# Exercise prompt:
Each line from the one containing "Tensei Kenja no" to the end of the data must be copied exactly, the first and last included; no other lines and no pictures belong in the copy.

++++ Input ++++

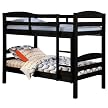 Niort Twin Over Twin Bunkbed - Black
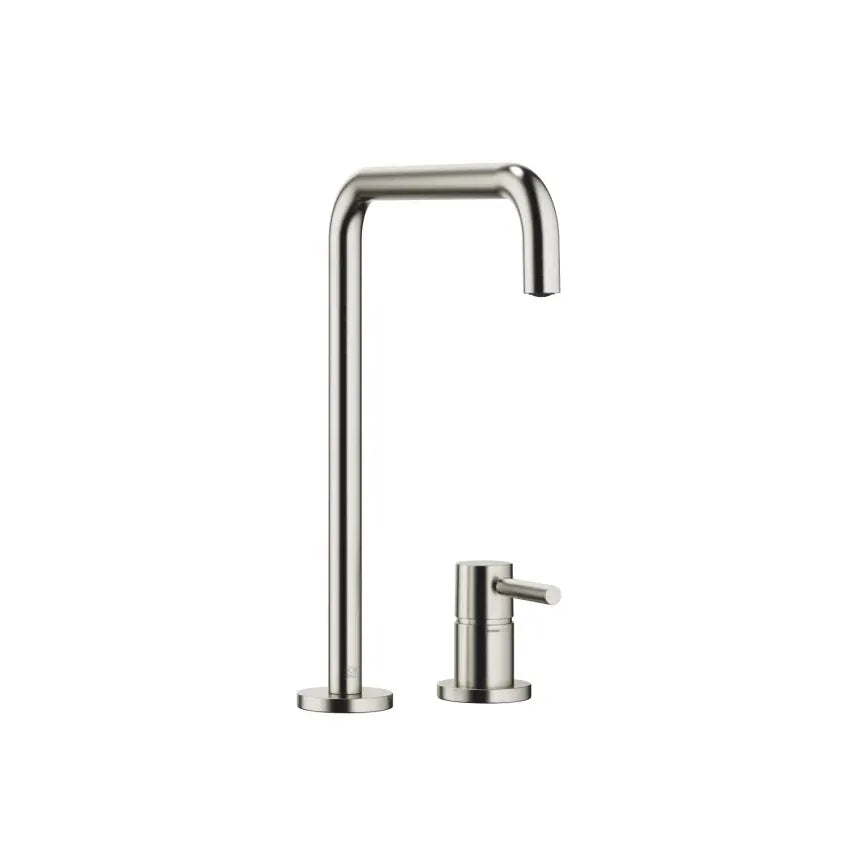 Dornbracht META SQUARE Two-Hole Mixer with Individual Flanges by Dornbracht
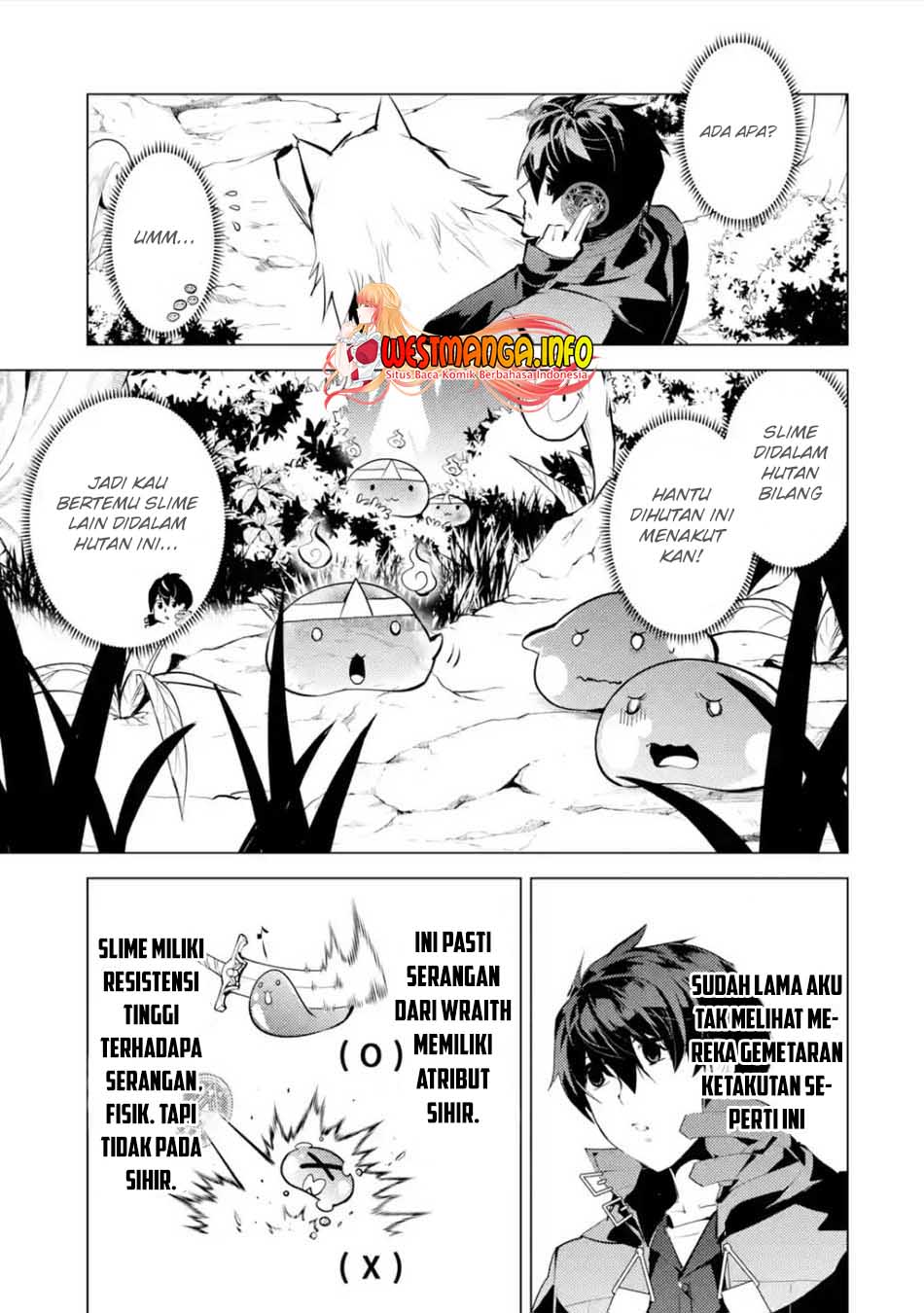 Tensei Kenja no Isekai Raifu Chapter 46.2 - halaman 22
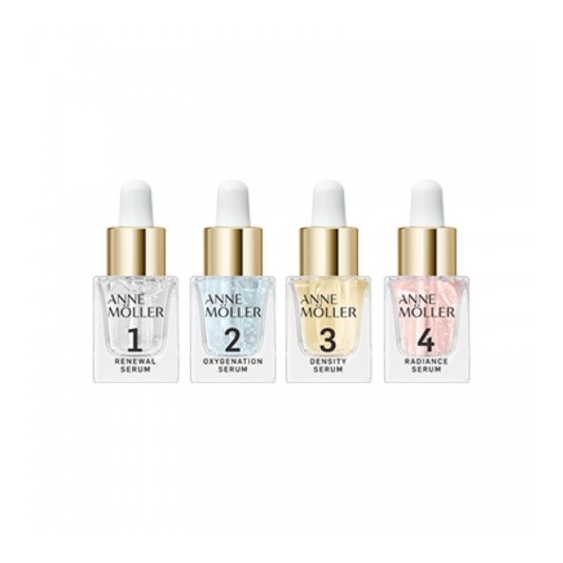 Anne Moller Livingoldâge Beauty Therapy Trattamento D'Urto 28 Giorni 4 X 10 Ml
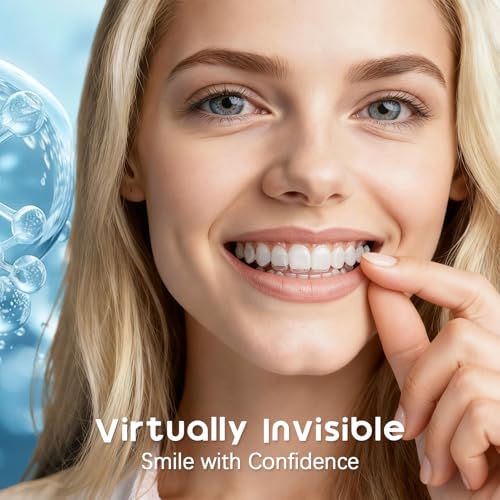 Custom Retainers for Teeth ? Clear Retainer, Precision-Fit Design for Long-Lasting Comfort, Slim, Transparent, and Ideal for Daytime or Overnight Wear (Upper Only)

++++

# Answer box:
 Tensei Kenja no Isekai Raifu Chapter 46.2 - halaman 22
 Anne Moller Livingoldâge Beauty Therapy Trattamento D'Urto 28 Giorni 4 X 10 Ml
 Custom Retainers for Teeth ? Clear Retainer, Precision-Fit Design for Long-Lasting Comfort, Slim, Transparent, and Ideal for Daytime or Overnight Wear (Upper Only)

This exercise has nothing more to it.